Never mind that expectations have plunged because Tesla sales have come in dramatically lower for the second straight quarter—as I expected, again (see Soft Tesla Q2 Deliveries Disappoint on 7/2/22 and Tesla Splitsville 8/8/22).
In any case, an earnings beat would help CEO Elon Musk, who needs slumping Tesla stock to pop so he can get a better price when he sells to raise the billions in cash he still needs to fund his embattled buyout of Twitter TWTR 0.10%↑ (see Elon v. Twitter: Elon Caved...For Sure...Maybe, 10/5/2022).
If you remain skeptical Elon Musk will close his buyout of Twitter as agreed, without further nonsense, you’re not alone. I warned last week that Twitter can’t be certain it’s sold until Elon’s “check has cleared.”
Nevertheless, the court has ordered Elon to close the deal by October 28th.

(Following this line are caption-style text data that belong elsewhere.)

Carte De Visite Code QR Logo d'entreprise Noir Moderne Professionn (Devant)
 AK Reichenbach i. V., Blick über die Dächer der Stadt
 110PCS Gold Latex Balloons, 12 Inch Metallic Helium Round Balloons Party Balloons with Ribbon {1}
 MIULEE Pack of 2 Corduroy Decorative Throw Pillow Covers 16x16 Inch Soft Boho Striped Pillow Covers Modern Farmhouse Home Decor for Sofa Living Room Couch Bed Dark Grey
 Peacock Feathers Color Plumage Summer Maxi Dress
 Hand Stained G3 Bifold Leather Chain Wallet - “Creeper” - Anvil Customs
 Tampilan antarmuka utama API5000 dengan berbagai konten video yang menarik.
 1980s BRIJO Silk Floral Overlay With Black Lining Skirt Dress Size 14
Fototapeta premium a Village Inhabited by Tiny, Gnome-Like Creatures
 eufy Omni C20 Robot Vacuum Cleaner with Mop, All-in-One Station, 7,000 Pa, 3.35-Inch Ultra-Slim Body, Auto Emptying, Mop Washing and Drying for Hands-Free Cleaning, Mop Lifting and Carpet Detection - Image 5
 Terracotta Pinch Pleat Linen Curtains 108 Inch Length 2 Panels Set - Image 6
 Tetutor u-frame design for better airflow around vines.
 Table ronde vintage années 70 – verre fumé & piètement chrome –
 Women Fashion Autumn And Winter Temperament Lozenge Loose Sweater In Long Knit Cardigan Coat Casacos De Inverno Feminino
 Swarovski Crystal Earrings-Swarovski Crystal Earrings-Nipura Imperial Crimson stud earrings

That means he must come up with the total amount due before then, or explain to an already fed-up court judge exactly why he didn’t.
That could prove exponentially more expensive.
Yet Elon still is far short—by billions—of the cash he owes in less than two weeks to close the deal.
The $46 billion financing package Elon promised to deliver comprises the $44 billion price for Twitter plus fees and expenses to execute the deal Twitter: Take the Money And Run, 4/26/22).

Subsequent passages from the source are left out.